[Exercise material]
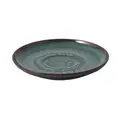 Kaffee-Untertasse 15 cm Crafted Breeze Villeroy & Boch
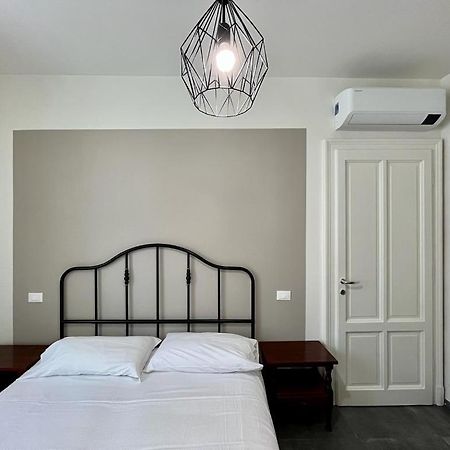 Casa De Paoli Apartment Stresa Bagian luar foto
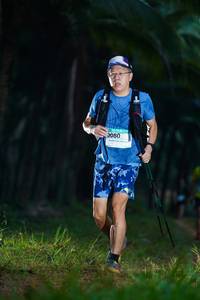 BIB: 
                            <button type="button" onclick="openModal(19419905)" class="btn btn-primary btn-sm float-right btn-popup" data-toggle="modal" data-target=".modal-high-quality">
                        <i class="fas fa-shopping-cart"></i> Add to Cart
                    </button>
                                            <button type="button" onclick="isThisMe(19419905, true)" class="btn btn-success btn-sm float-right btn-popup btn-isme hidden" data-toggle="tooltip" data-placement="bottom" title="นี่คือรูปของคุณใช่ไหม คลิกที่นี่เพื่อเอาเข้าอัลบั้ม">
                        <i class="fas fa-plus"></i> Add to album
                    </button>
                    <button type="button" onclick="isThisMe(19419905, false)" class="btn btn-warning btn-sm float-right btn-popup btn-isnotme hidden">
                        <i class="fas fa-ban"></i> Remove from album
                    </button>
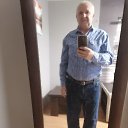 ���� �������, ������-���, 55 ��� - ��������� 27 ������ 2025 � ������ ���� ����������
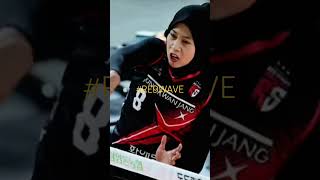 Download lagu Bismillah Today match play off v league korea #redsparks vs hyundai Hilstate  #megatron 🇮🇩  #redwave mp3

[What this task involves] Which lines of the records contain "hidden"? Show each of them.

[Answer to the exercise]
                                            <button type="button" onclick="isThisMe(19419905, true)" class="btn btn-success btn-sm float-right btn-popup btn-isme hidden" data-toggle="tooltip" data-placement="bottom" title="นี่คือรูปของคุณใช่ไหม คลิกที่นี่เพื่อเอาเข้าอัลบั้ม">
                    <button type="button" onclick="isThisMe(19419905, false)" class="btn btn-warning btn-sm float-right btn-popup btn-isnotme hidden">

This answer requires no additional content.